Doğal desenler, aşırı hassasiyeti olan kişiler için görsel rahatsızlığı en aza indirebilir. Buna karşılık, genellikle modern yapay dünyada bulunan mozaik formlar, çubuklar, çizgiler ve delikli malzemeler otizmli kişilerde görsel strese neden olabilir. Bu tekrarlayan desenler, bakıldığında hareket ediyor veya parıldıyor gibi görünebilir.
Görsel karmaşa otizmli bireyler için dikkat dağıtıcı olabilir. Ahşap, taş ve doğal kumaşlar gibi doğal malzemeler, daha az görsel karmaşaya sahip olma eğiliminde olduklarından otizm dostu bir tasarım için tercih edilir. Aynı kural renk seçimi için de geçerlidir; doğal ve toprak tonları (kahverengiler, yeşiller ve maviler gibi) tercih edilir.
3. Doğal alanlar
Yapılı çevreler, doğada bulunanlara benzer deneyimler yaratacak şekilde tasarlanabilir. Bu, doğada karşılaşılan aktif oyun, geçiş alanları, sığınak ve mekânsal organizasyon potansiyelinin yansıtılması anlamına gelmektedir.

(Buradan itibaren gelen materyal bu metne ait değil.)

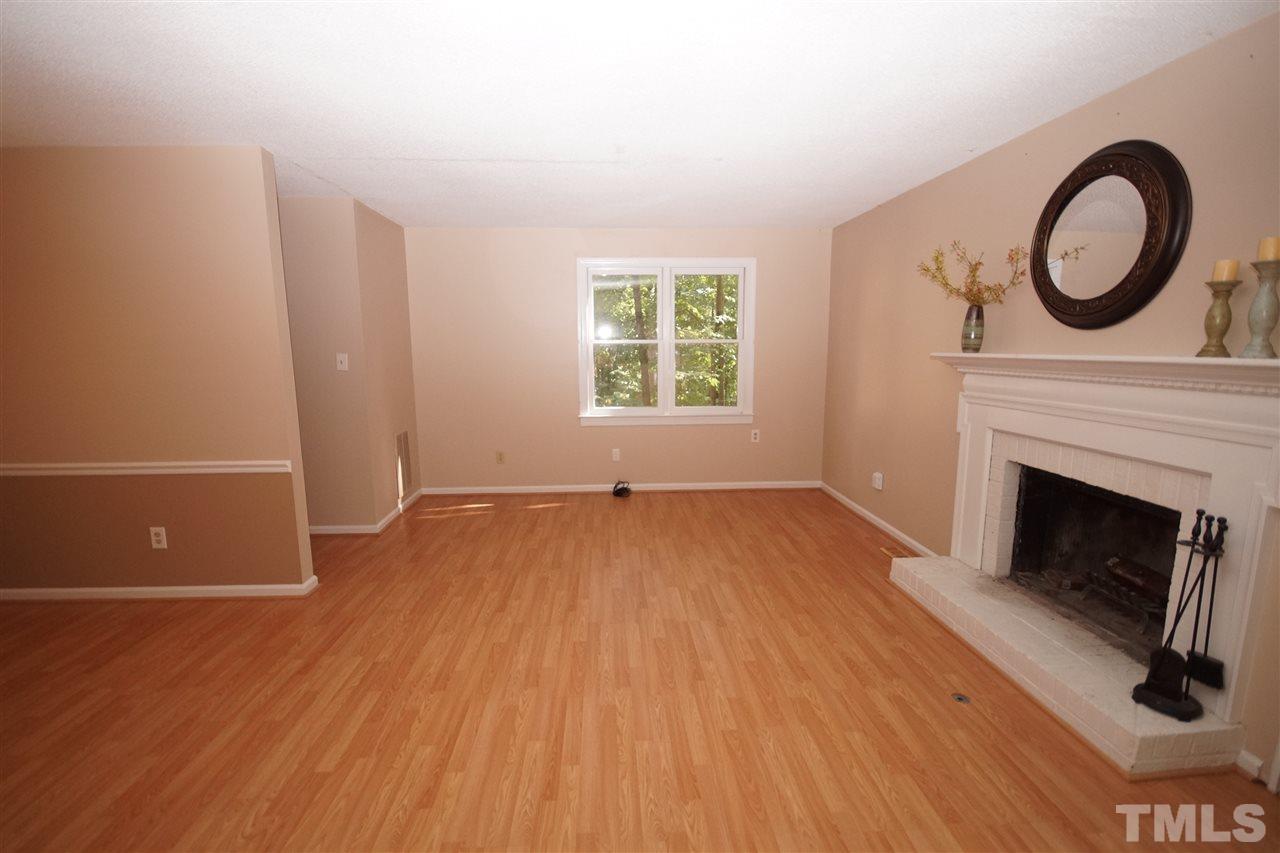 5719 Pool Side Drive Raleigh, NC 27612 - Photo 12 of 23 a view of an empty room with wooden floor and a window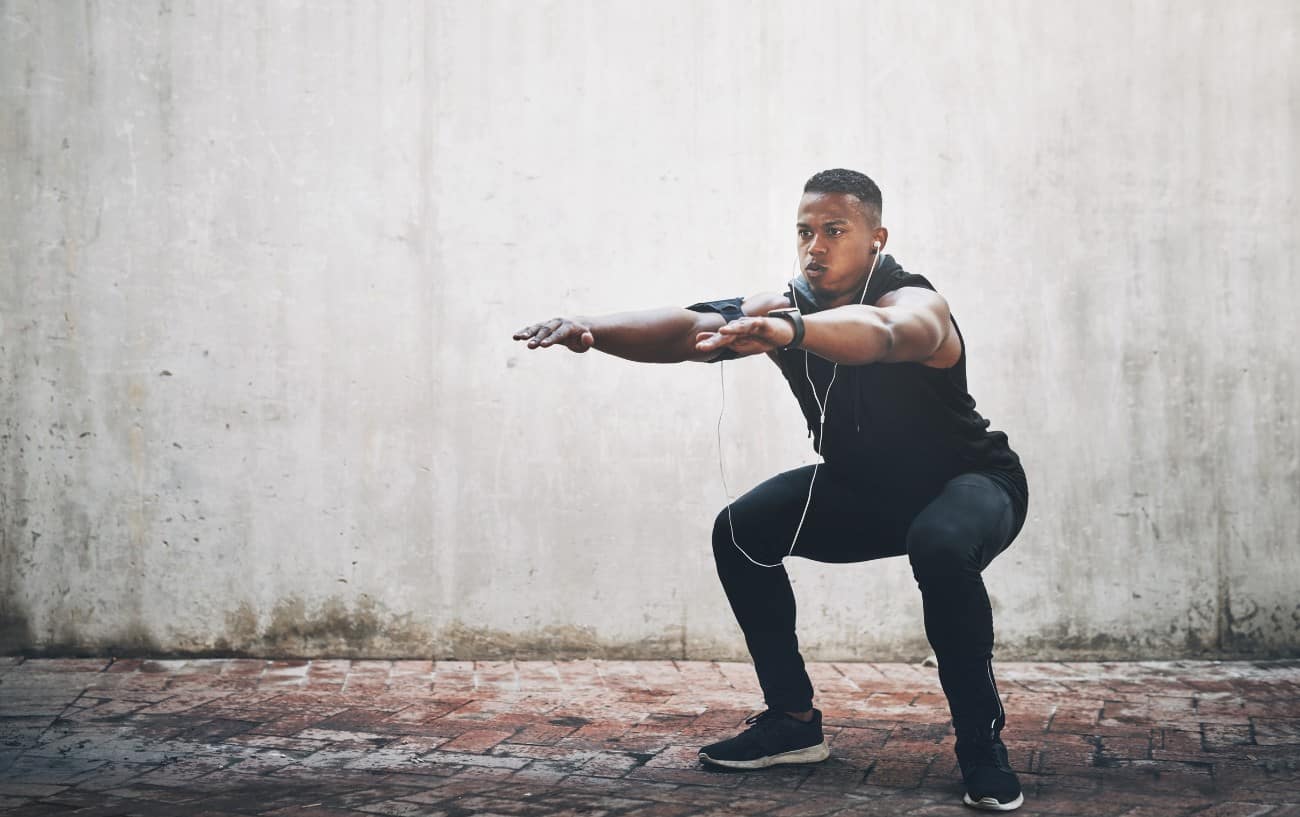 A man doing an isometric squat.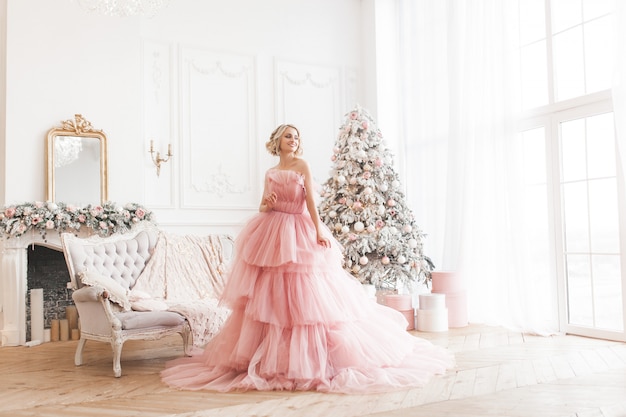 Junge schöne blonde Frau auf voller Höhe der Weihnachtsszene. Attraktive Dame im rosa wunderschönen Kleid.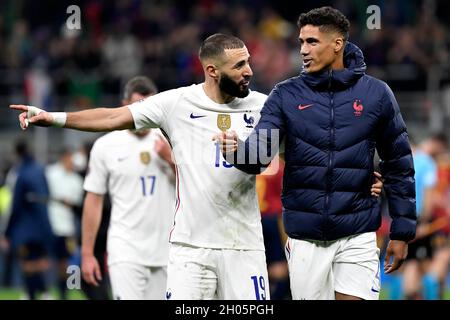 Milano, Italy. 10th Oct, 2021. Karim Benzema and Raphael Varane of France during the Uefa Nations League final match between Spain and France at San Siro stadium in Milano (Italy), October 10th, 2021. Photo Andrea Staccioli/Insidefoto Credit: insidefoto srl/Alamy Live News Stock Photo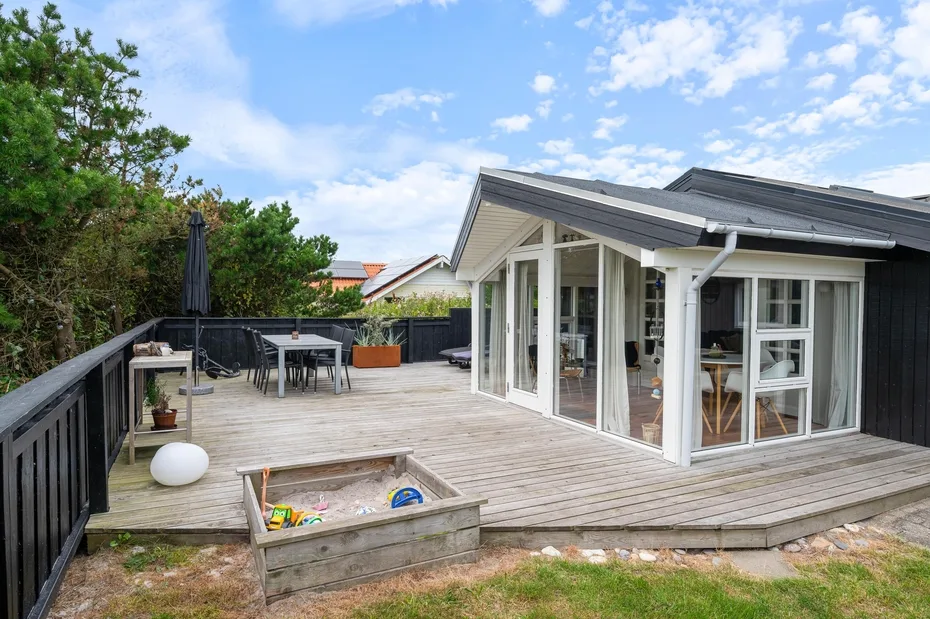 A raised wooden deck beside a glass-walled room, with outdoor seating and trees.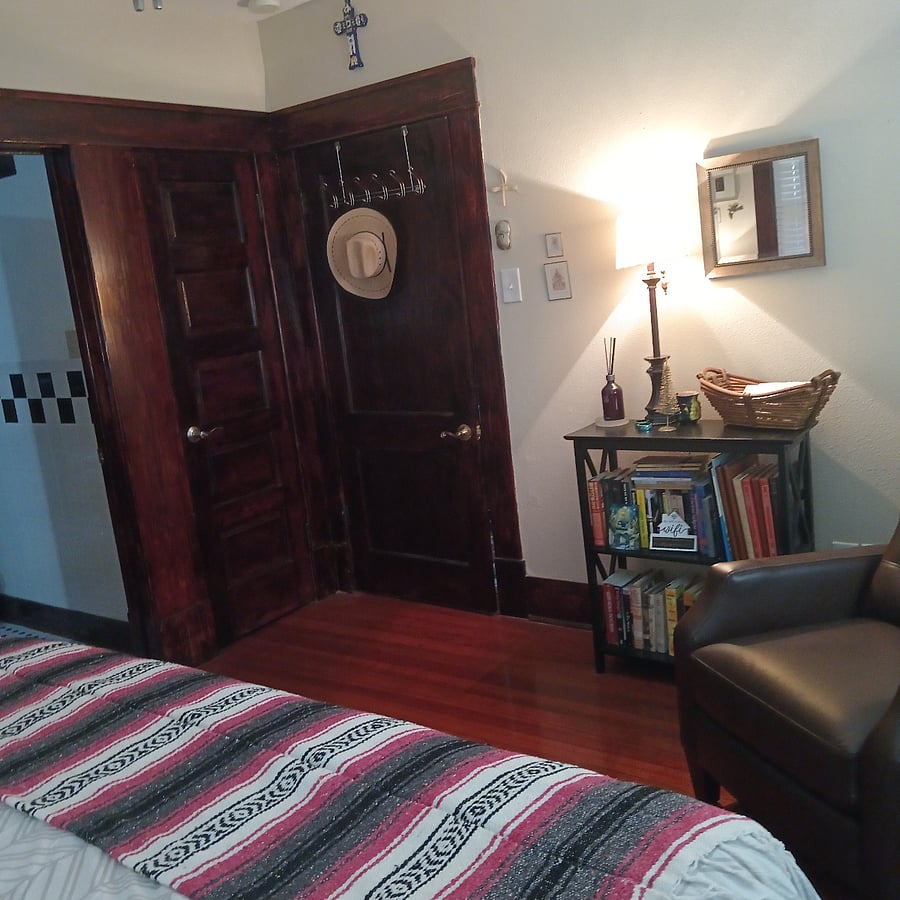 Door from front guest bedroom leading into the living room. Side door leads into the guest bathroom. The 3rd door is for the closet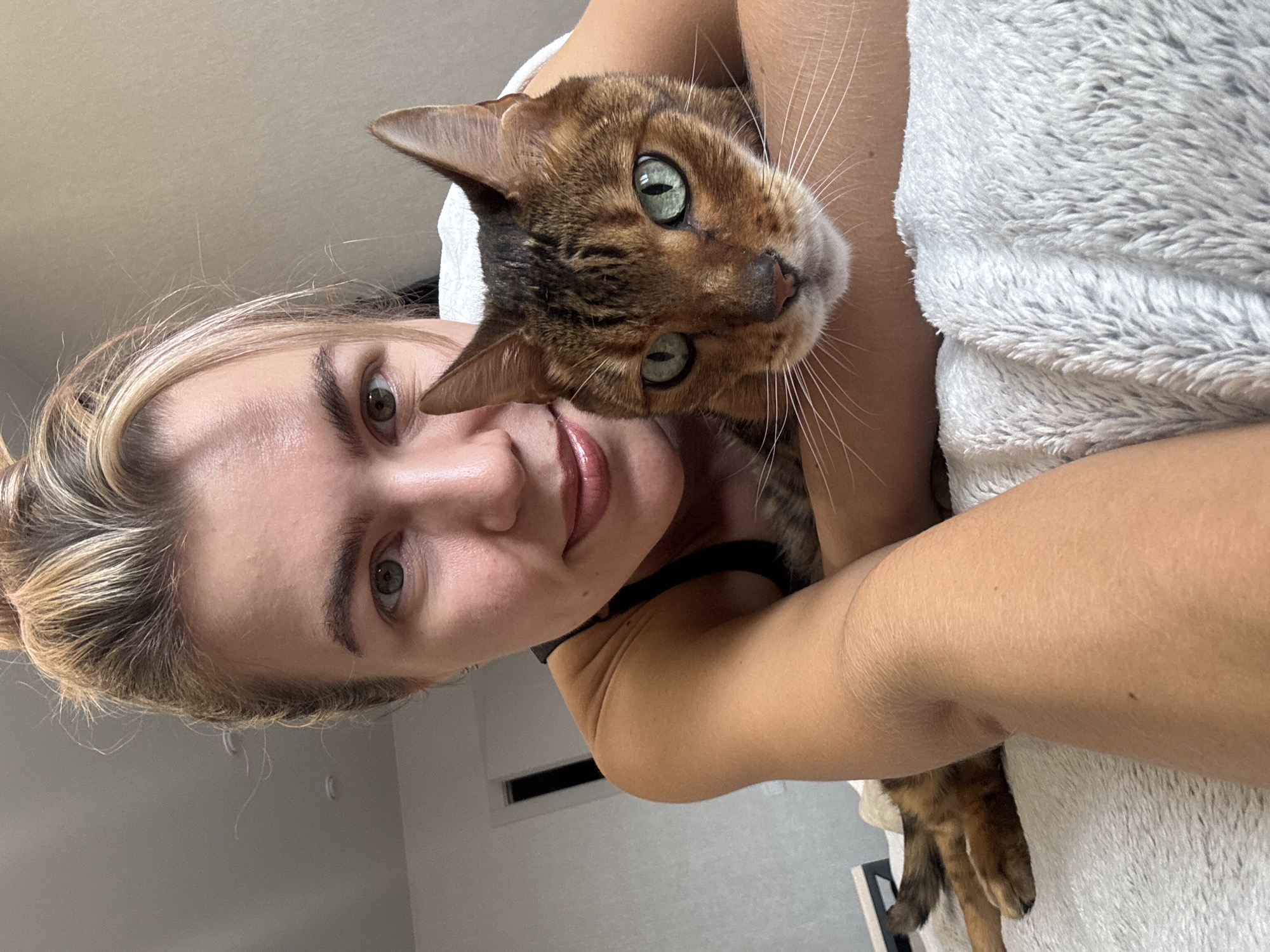 A selfie shows a woman lying down with a brown tabby cat. The woman has blonde hair pulled back, light eyes, and is wearing a black tank top. She is smiling slightly. The cat has green eyes and is nestled in her arms. A soft, textured blanket is visible nearby. The background suggests an indoor setting, possibly a bedroom. The location is Unknown, Unknown.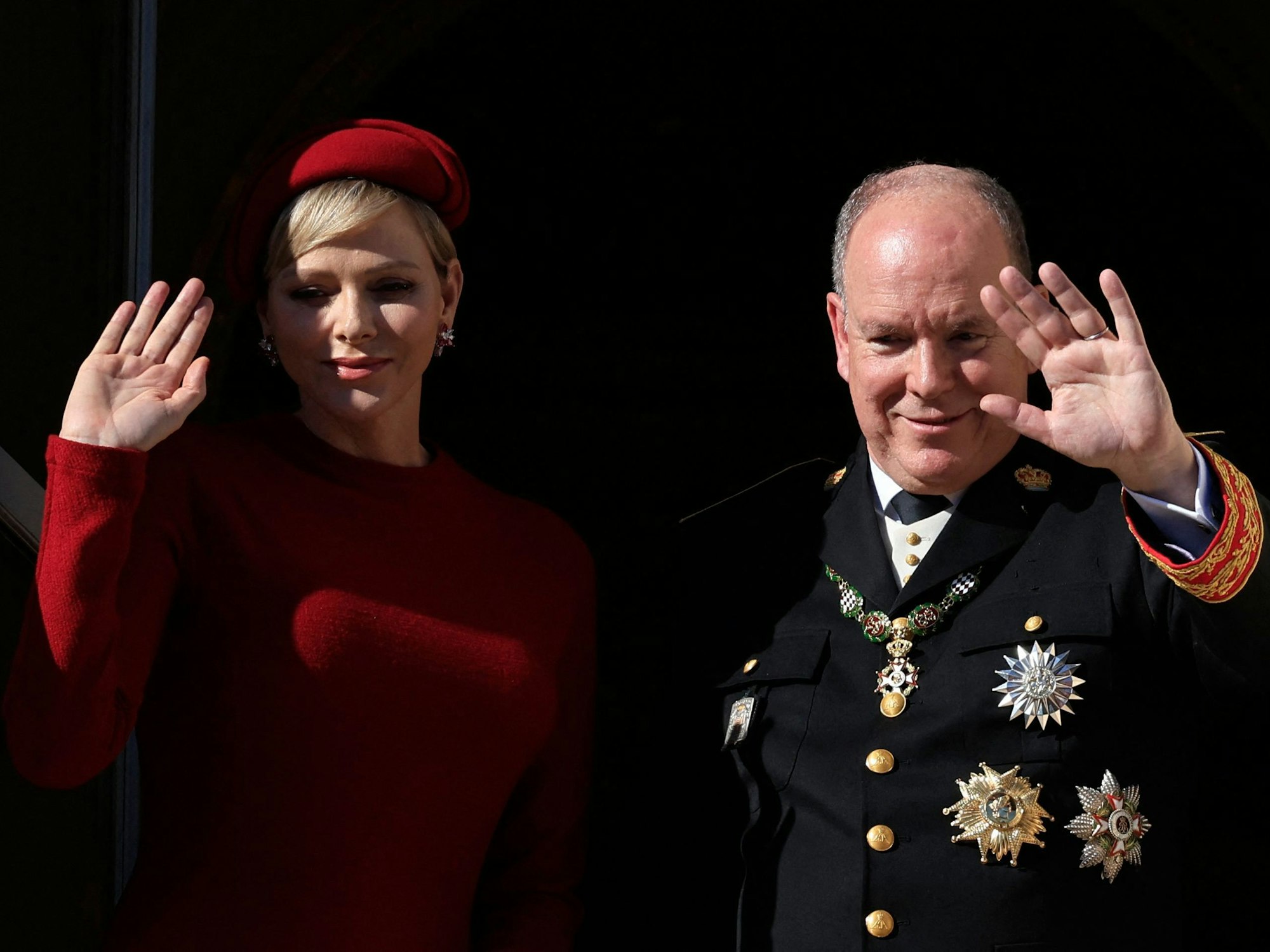 Fürst Albert II. von Monaco (r.) und Fürstin Charlène von Monaco (l.) winken vom Balkon des Fürstenpalastes während einer Zeremonie zum Nationalfeiertag.
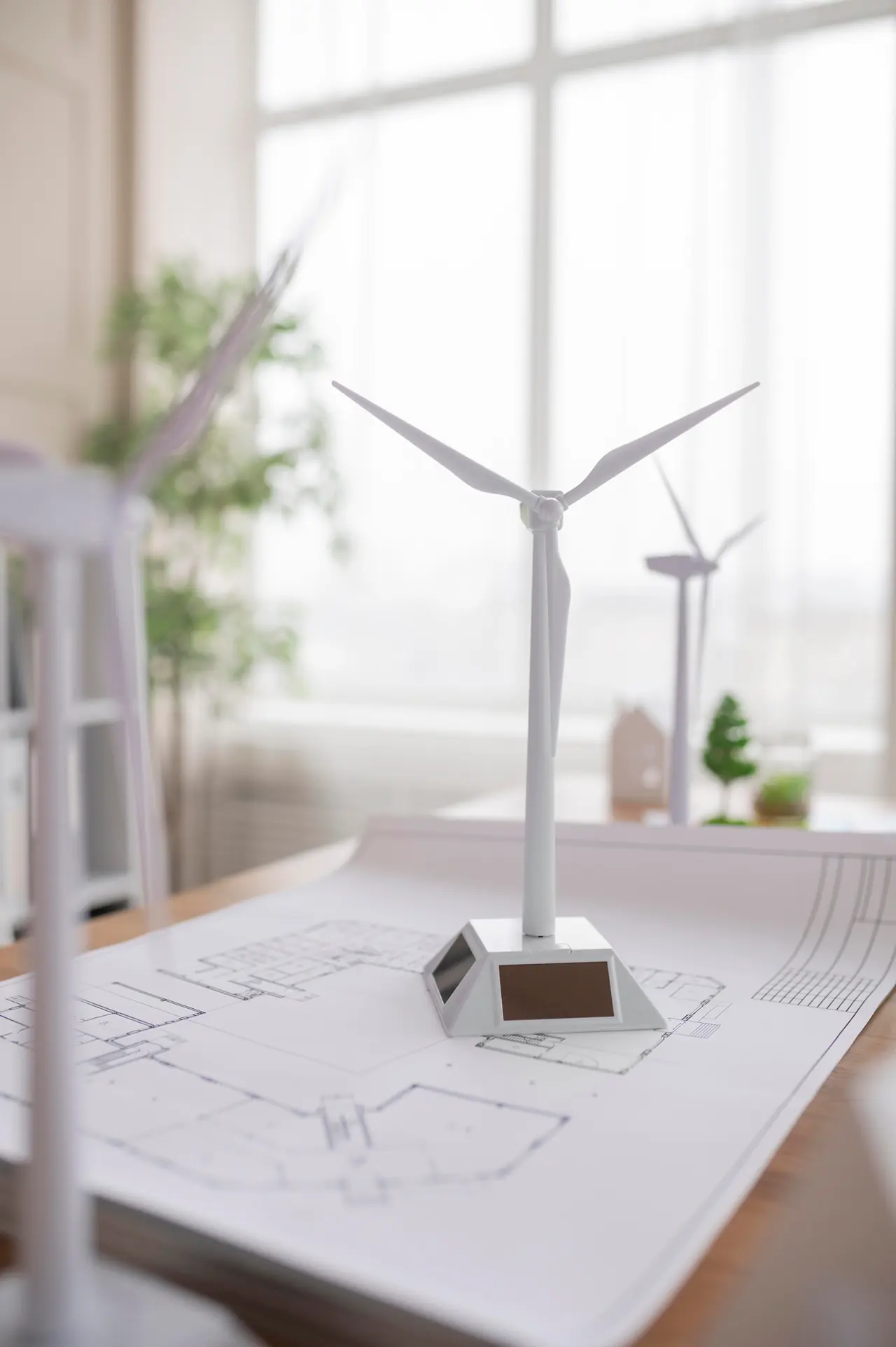 White model wind turbine standing on architectural floor plans on a desk in a bright, softly lit office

Bazı otizmli çocuklar zıplama, koşma, sallanma, kayma ve tırmanma gibi çeşitli duyusal unsurları içeren daha aktif oyunları tercih eder. Açık alan genel olarak, canları istediğinde özgürce hareket etme veya kıpırdanma olanağı sağlar. Açık alanların yapılandırılmamış doğası ve daha az sosyal beklenti, çocukların enerji ve gerginliklerini atmalarına olanak tanır.
Otizmli bireyler, farklı duyusal deneyimlere sahip alanlar arasındaki hareketlerini düzenlemek için fırsatlara ihtiyaç duyarlar. Fuaye veya antre gibi geçiş alanları, aşırı duyusal yüklenmeyi önlemeye yardımcı olabilir ve duyusal bilgilerin işlenmesini ve entegrasyonunu destekleyebilir.
Organik ve akıcı formların ve kavisli duvarların veya köşelerin kullanılması bir yerden diğerine geçişi iyileştirmeye yardımcı olur. Yumuşak köşeler aynı zamanda yaklaşan alanın ön izlemesini de sağlar. Bu, yabancı bir yere girme veya beklenmedik bir şekilde başkalarıyla yüz yüze gelme konusundaki endişeyi azaltmaya yardımcı olabilir.
Son olarak, nöro-çeşitli kişiler inziva alanlarından faydalanır. Küçük alanlar, köşeler, küçük teraslar ve ana alanların yanındaki sakin odalar otistik çocukların daha sakin ve rahat hissetmelerine yardımcı olabilir.
Nöro-çeşitli kişilerle yapıların birlikte tasarlanması
Nöro- çeştili ziyaretçilere daha uygun yapılı çevreler yaratma konusunda hala öğrenecek çok şeyimiz var.
Bu tür tasarımlar, nöroçeşitlilik hassasiyeti olan kişilerin tasarım sürecine dahil edilmesinden fayda sağlayacaktır. Tüm insanlar, kullanabilecekleri ve iyi işlev görebilecekleri ortamlara sahip olma hakkına sahiptir.